So after all the work Kirk & Co did in TVH to bring humpbacks into the future to save Earth, how long did they last after that? I mean only one breeding pair wouldn't be enough to start a whole species from without massive inbreeding and all the problems what causes. Or did the Federation decide to send more ships back in time to restore the species to avoid another probe attack?
It's possible that before humpbacks went extinct, embryos were frozen and they just need a female to carry them. I like to think that they repopulated the species somehow.
Here in the Puget Sound area, we have endangered orcas (southern resident pods J, K and L), it has been observed that orcas avoid mating with siblings or offspring. With cousins is possible, but they usually mate outside the extended family pod. Orcas and humpbacks aren't the same of course, but whales are intelligent beings and the expectation that they will simply reproduce with their own children, and between brothers and sisters, is unreasonable. Left to their own devices, the offspring of George and Gracie would live out their lives and die without producing children. I would hope that forcing the small family to have offspring with each other (artificial insemination or normal sex) would be against future law. If they had frozen genetic material/the means to clone why wouldn't the people of Earth future have already repopulated the oceans? Sadly, within approximately a century of George of Gracie coming to the future, the oceans will be empty of whales again.
Dumb Federation ethics. "Who are we...blah blah blah. We haven't had whales for 200 years, we can't know the impact..blah blah blah"
Spock was able to mindmeld with Gracie. Given the existence of the universal translator, if the humpback whales were to prosper and multiple in Earth's oceans, by the 24th century would a humpback whale be able to become Earth's representative to the Federation Council? Obviously not homo sapiens, however they are indigenous to this planet. You should not have to be humanoid to be on the Council, should you?
If that whale somehow manages to run and campaign for the Council.... why not? Don't see it happening though.
Its been ages since I read it, but I seem to recall Vonda McIntyre's TVH novelization addressed this issue. They did have the genetic material/means to clones whales. However, since no living humpback existed there would be no adults to raise the young clones. George & Gracie would become foster-parents to the new population of whales, raising them and teaching them. I'm not sure that is a 100% solid explanation, but it made sense when I read it as a kid.

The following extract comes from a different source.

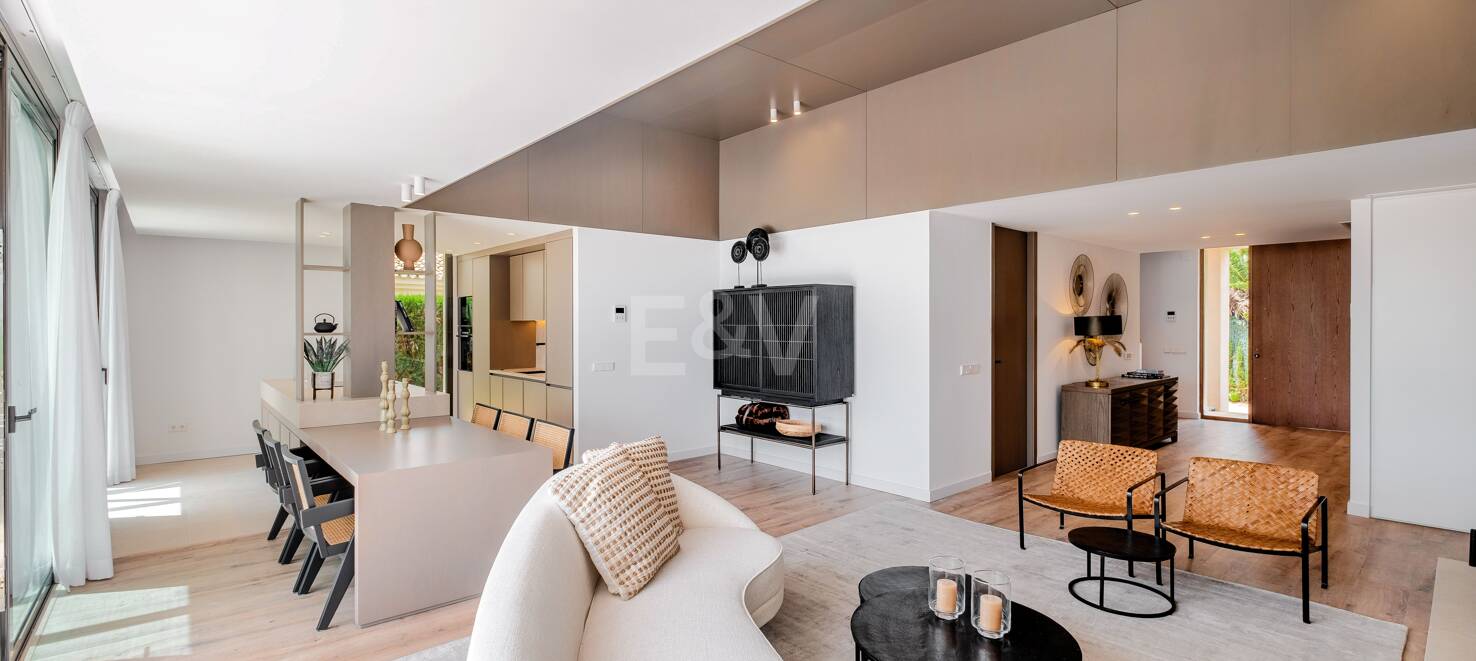 Modern 4 sovrum Villa med havsutsikt i Paraiso Alto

I guess if you accept the premise of whales being sentient creatures, that if you clone one, that would be akin to placing a human kid to grow up in the wild. Sure he can function and survive, but you wouldn't be able to communicate with him when he's 25.
When humpback whales are your only line of defense against a completely mysterious super-race hell bent on destroying your civilization, you better believe that George and Gracie are going to get cloned time and time again.

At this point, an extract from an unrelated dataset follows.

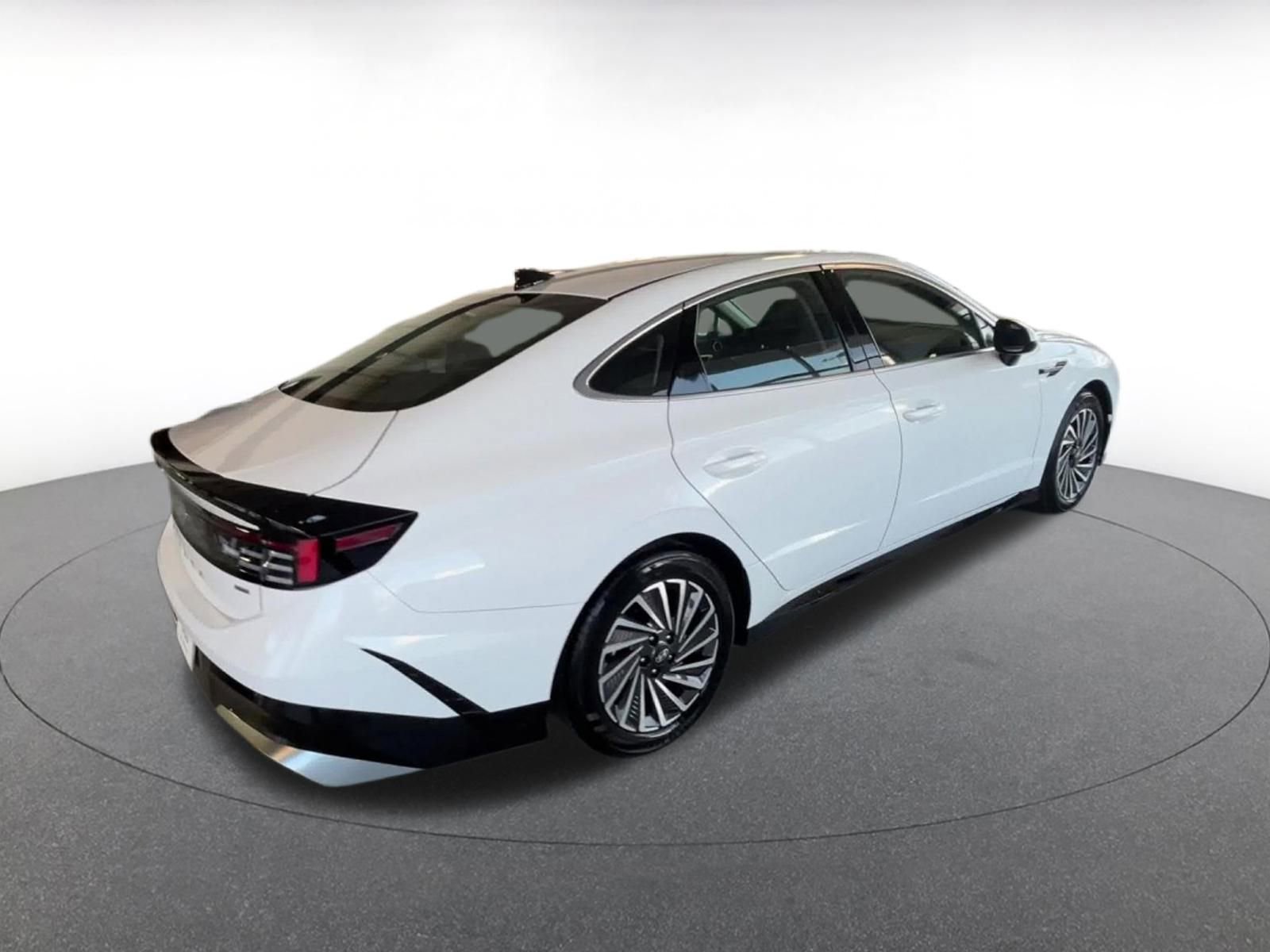 Thumbnail: 2025 Hyundai Sonata - 15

A big problem with that is where to find whale-sized equivalents of uteruses to gestate the clones. I think Kirk probably never really intended to "repopulate the species". He needed the whales only tell the probe to go f itself.
Not a problem. As seen in "A Man Alone", they can do it from start to finish in simple vats, at least in the 24th century. We don't even need that much rationalization here. Suffice to assume they have the material, but they just plain don't have any motivation to make use of it - not until it turns out that Earth needs whales in the next fifteen minutes or everybody will die, which isn't exactly the best motivation for starting cloning. Why return whales to the oceans? Just to prove that mankind has cleaned up its act (and said oceans)? The whales themselves won't care. The oceans won't care. Heck, all sorts of krill and shrimp will be elated with the whales gone. AFAWK, they haven't restored the buffalo, either, and those never really went totally extinct. Besides, Earth fears new Khans so intensely that it has banned many sorts of helpful gene therapies. Hobby cloning is probably an offense punishable by six months in therapy. Timo Saloniemi
There is somewhere the idea that dolphins and whales help with communication problems along with starfleet officers in the 24th century. The Whitfire and the Sternbach Blueprints of the Enterprise-D suggest this as well.
^ One of Diane Duane's novel had a "dolphin" (non-terrestrial?) whose people were unusually good navigators.
Whether dolphins or the fictional Takaya's whales mentioned in the TNG Tech Manual in the navigation context ever went extinct is not established. All we know is that humpback whales died out. Timo Saloniemi
23rd century genetics has to be way more advanced than 21st century so Timo is right. Once they got a hold of G & G's DNA they probably could have easily cloned a whole herd of them in a lab if they wanted to. Now, whether or not they would choose to do that is certainly up for debate. I agree that in the post-Khan world they would certainly be hesitant about playing God with genes but at the same time, they might assume if the 2 humpbacks died out again that the Probe would come right back and they'd be back in the same situation.
I agree. But then, your shrimp argument is invalid. Another thing: if we assume humpback whales are the only ones who can talk to deadly-alien-probe, the motivation for starfleet to have more of the whales seems obvious. ...already writing a novel : The Return of the Deadly Alien Probe.